If only it would be that way all the time!

Rudeness has made a comeback, not that it ever left. It is leaving offended people behind it as it races on. I see it at high school sporting events, not just with the students, but also with the adults. Once in a while a display of good sportsmanship emerges to the point that it is commended and put on YouTube, but those have become the exceptions and not the norm.

I see it in how young people treat older people, and how older people treat younger people.

I see it in politics, but enough of that!

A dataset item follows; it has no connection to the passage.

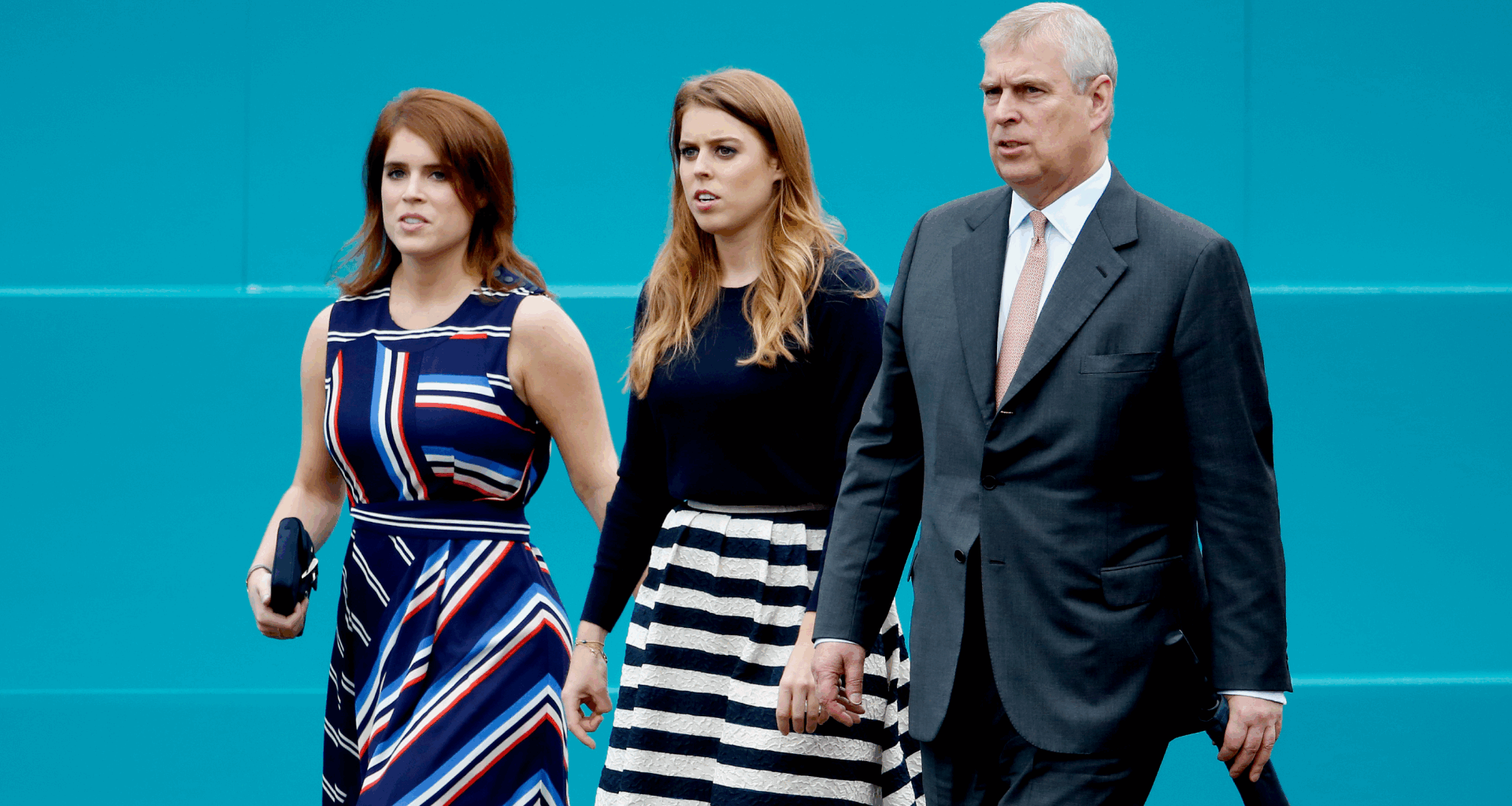 Princess Eugenie, Princess Beatrice and Prince Andrew walking in a row in front of a teal wall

I see it in how people treat someone who is overweight; and I see it in how someone who is slower than another person can tolerate.

I especially see it in driving habits.

And now I see it in Facebook posts and Twitter tweets.

I see it on t-shirts that seek to either incite, draw attention, or both.

And I see it in the church.

Rudeness has become the norm.

The thing is…there’s this list qualities and characteristics that are written down in Galatians 5 by the Apostle Paul. It’s a good list! A list that many of us would want to see lived out in our child, or the potential marriage partner that we bring home to meet Mom and Dad. It’s a list of fruits, spiritual fruits. As I look at that list- love, joy, peace, patience, kindness, goodness, faithfulness, gentleness and self-control- each of the fruits goes sharply against rudeness in some way.

If I’m patient I won’t try to rush ahead and cut someone off.

If I’m kind I won’t look for the first opening to tear someone down.

If I’m joyful there will be no bitterness in my actions.

 

Rudeness is a slippery slope sliding towards ripped apart relationships.

And why do we give in to its lure. Because even though we don’t want to admit it, too often it is still all about you, or all about me. And if you point that out to me I may call you rude!